• **REQUIREMENT**
What is needed is a word-for-word copy of every record below, minus the pictures.

Top of DATASET EXTRACT

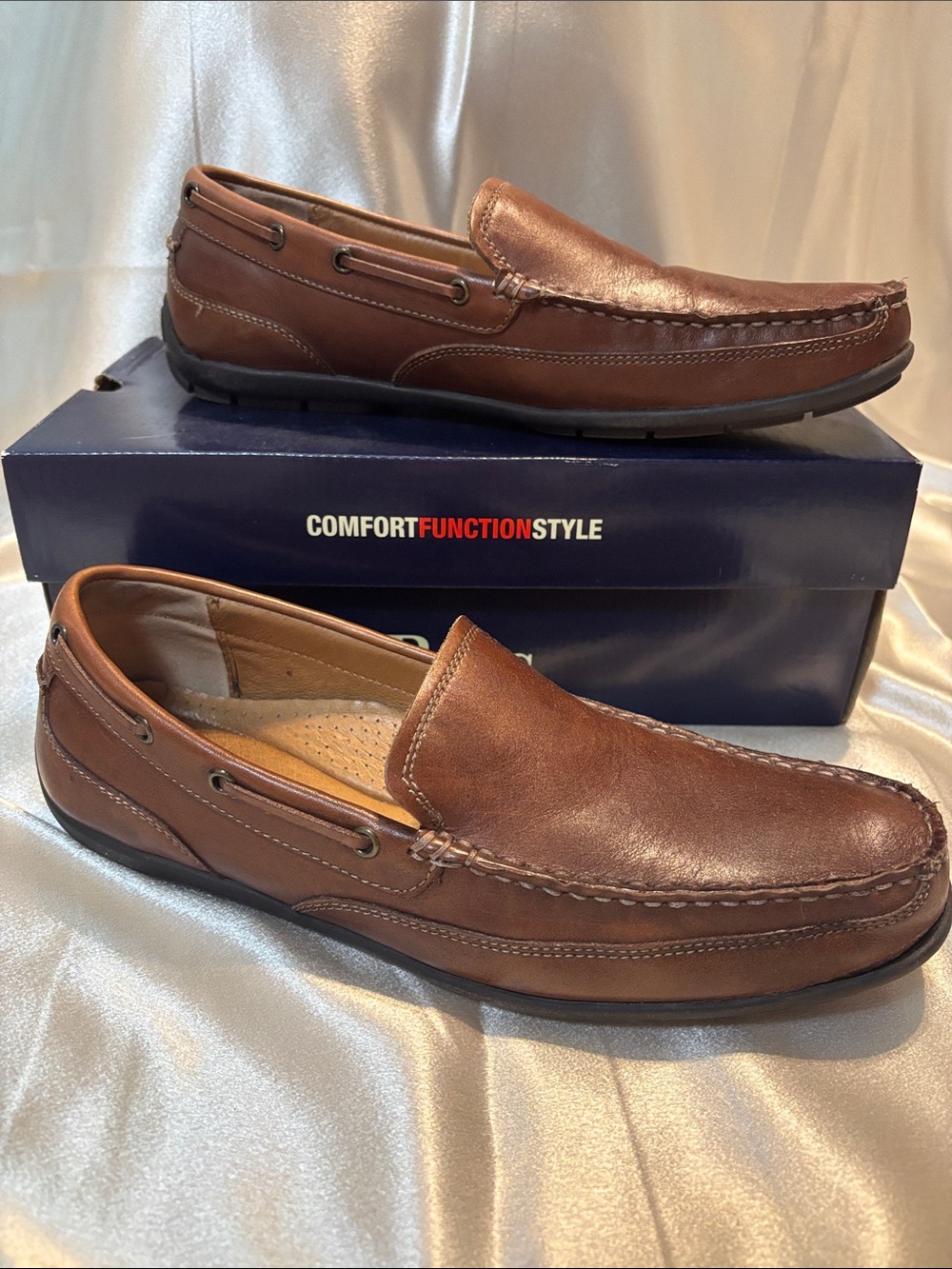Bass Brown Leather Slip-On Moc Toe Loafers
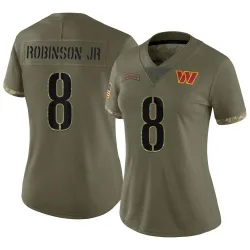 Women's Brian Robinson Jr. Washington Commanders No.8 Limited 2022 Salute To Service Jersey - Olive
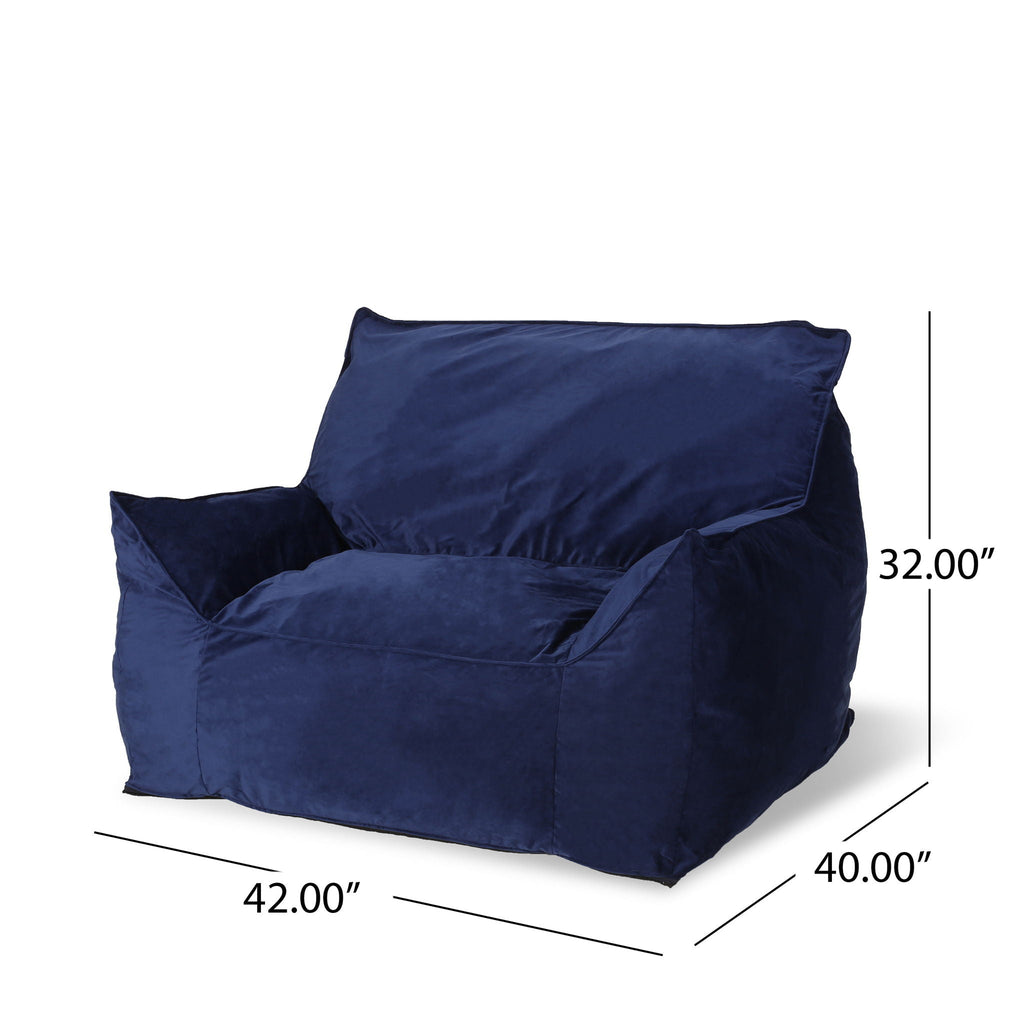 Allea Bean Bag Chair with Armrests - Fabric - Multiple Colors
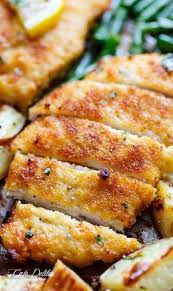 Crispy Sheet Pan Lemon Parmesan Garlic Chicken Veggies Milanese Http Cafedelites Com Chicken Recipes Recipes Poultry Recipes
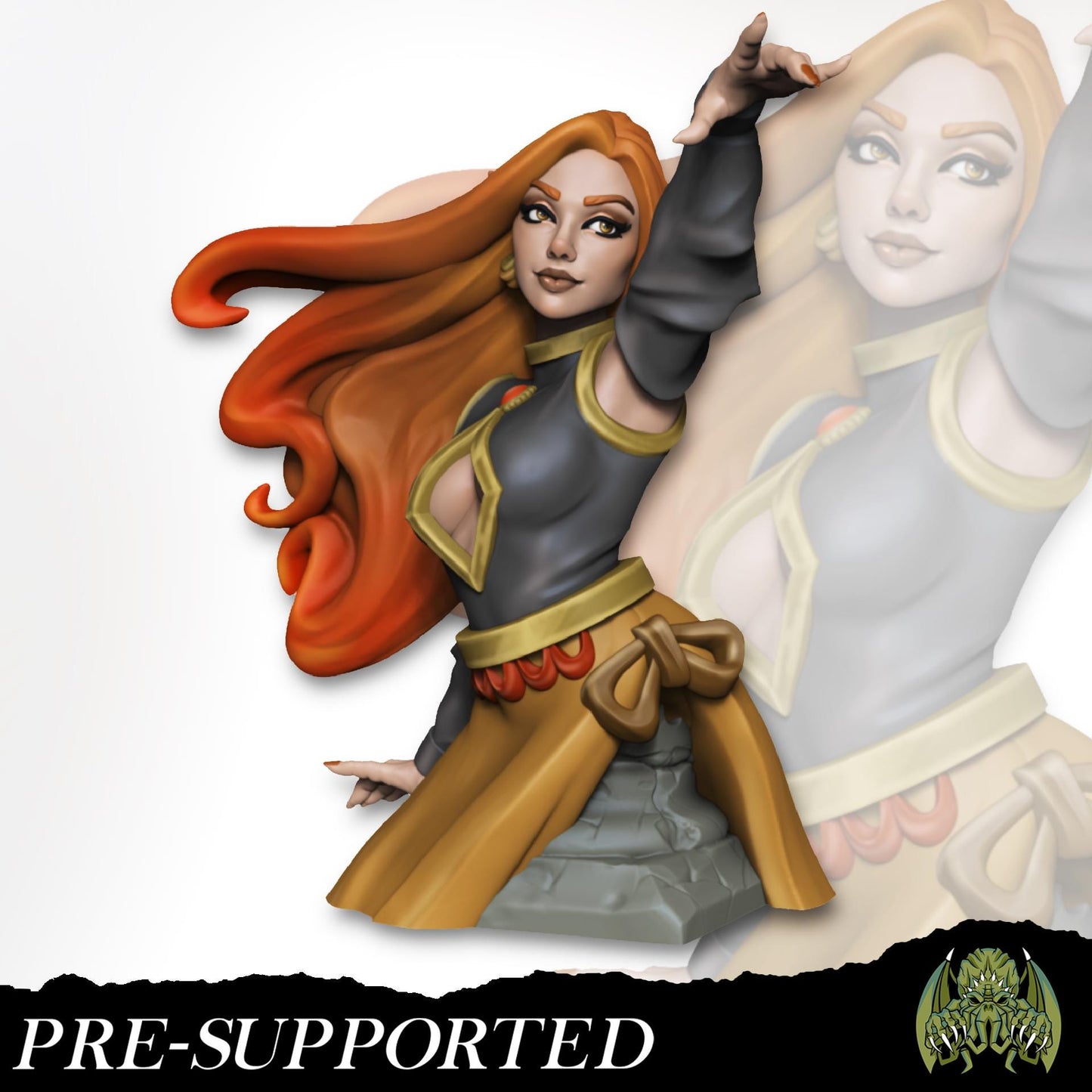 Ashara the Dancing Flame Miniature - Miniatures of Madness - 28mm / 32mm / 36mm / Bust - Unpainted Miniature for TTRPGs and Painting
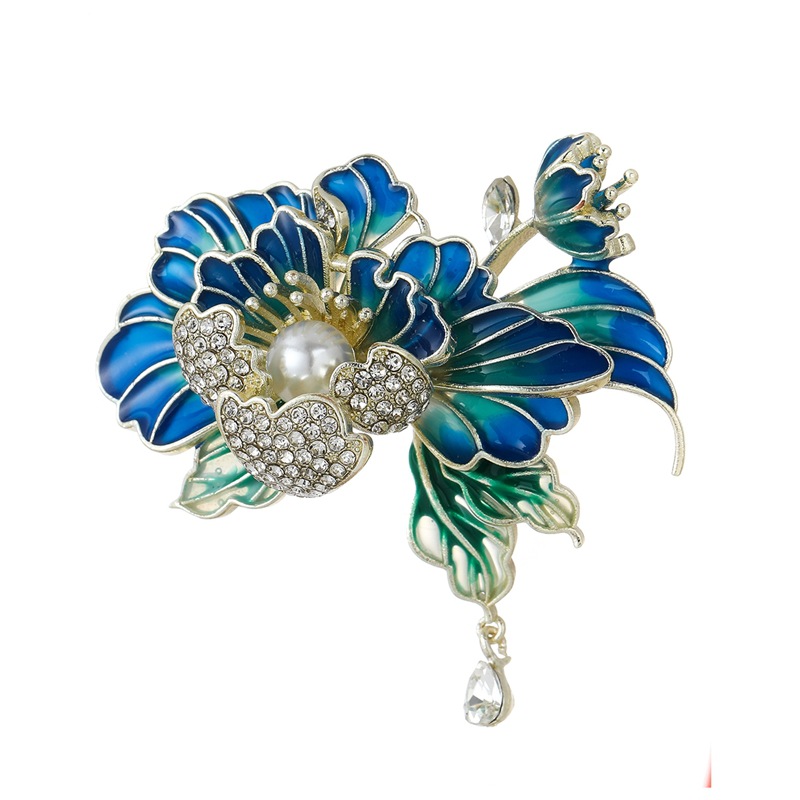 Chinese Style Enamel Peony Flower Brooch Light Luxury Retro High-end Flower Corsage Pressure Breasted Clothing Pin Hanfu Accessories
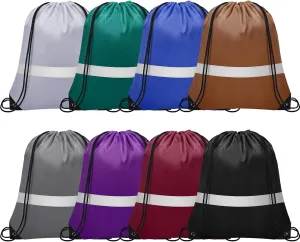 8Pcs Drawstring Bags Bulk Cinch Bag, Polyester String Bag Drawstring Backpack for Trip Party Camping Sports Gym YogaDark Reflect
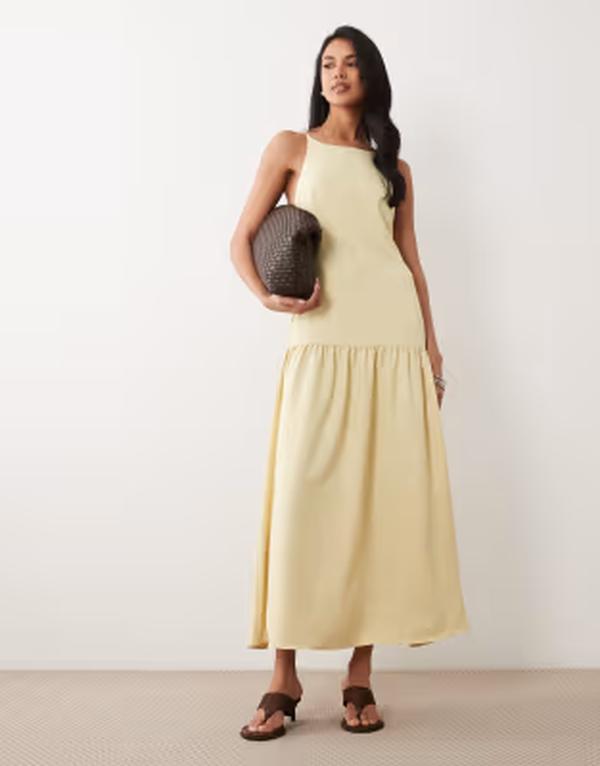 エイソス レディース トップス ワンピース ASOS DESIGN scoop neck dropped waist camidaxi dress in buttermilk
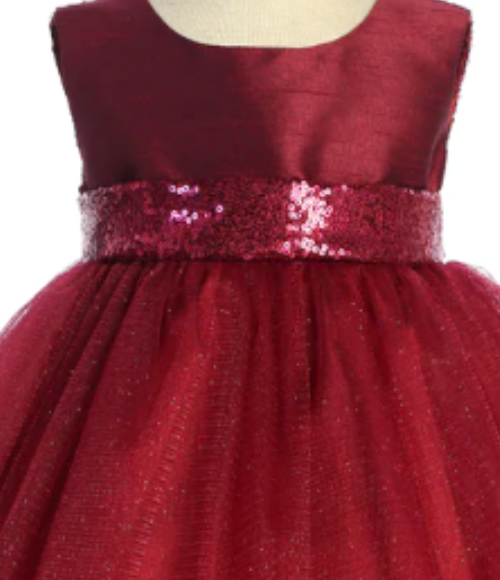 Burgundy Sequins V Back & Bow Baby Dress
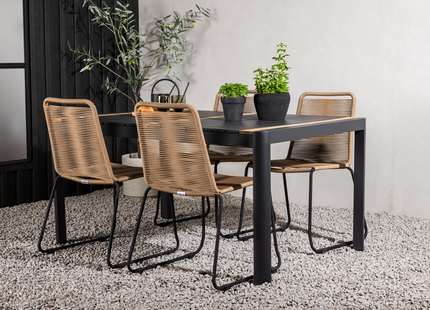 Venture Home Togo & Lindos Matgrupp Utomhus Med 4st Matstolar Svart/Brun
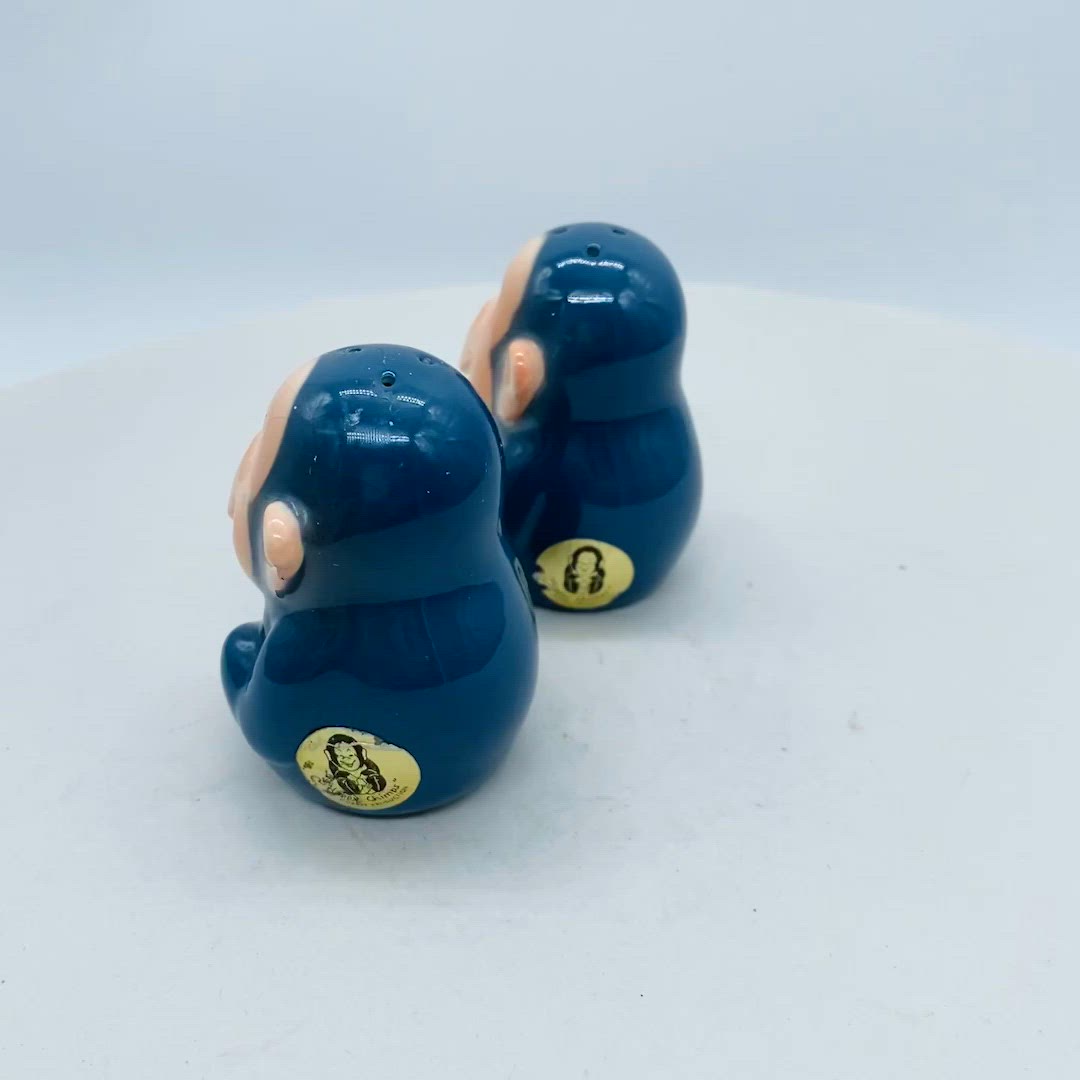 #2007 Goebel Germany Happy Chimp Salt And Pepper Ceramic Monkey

Bottom of DATASET EXTRACT

• **WRITTEN SOLUTION**
Bass Brown Leather Slip-On Moc Toe Loafers
 Women's Brian Robinson Jr. Washington Commanders No.8 Limited 2022 Salute To Service Jersey - Olive
 Allea Bean Bag Chair with Armrests - Fabric - Multiple Colors
 Crispy Sheet Pan Lemon Parmesan Garlic Chicken Veggies Milanese Http Cafedelites Com Chicken Recipes Recipes Poultry Recipes
 Ashara the Dancing Flame Miniature - Miniatures of Madness - 28mm / 32mm / 36mm / Bust - Unpainted Miniature for TTRPGs and Painting
 Chinese Style Enamel Peony Flower Brooch Light Luxury Retro High-end Flower Corsage Pressure Breasted Clothing Pin Hanfu Accessories
 8Pcs Drawstring Bags Bulk Cinch Bag, Polyester String Bag Drawstring Backpack for Trip Party Camping Sports Gym YogaDark Reflect
 エイソス レディース トップス ワンピース ASOS DESIGN scoop neck dropped waist camidaxi dress in buttermilk
 Burgundy Sequins V Back & Bow Baby Dress
 Venture Home Togo & Lindos Matgrupp Utomhus Med 4st Matstolar Svart/Brun
 #2007 Goebel Germany Happy Chimp Salt And Pepper Ceramic Monkey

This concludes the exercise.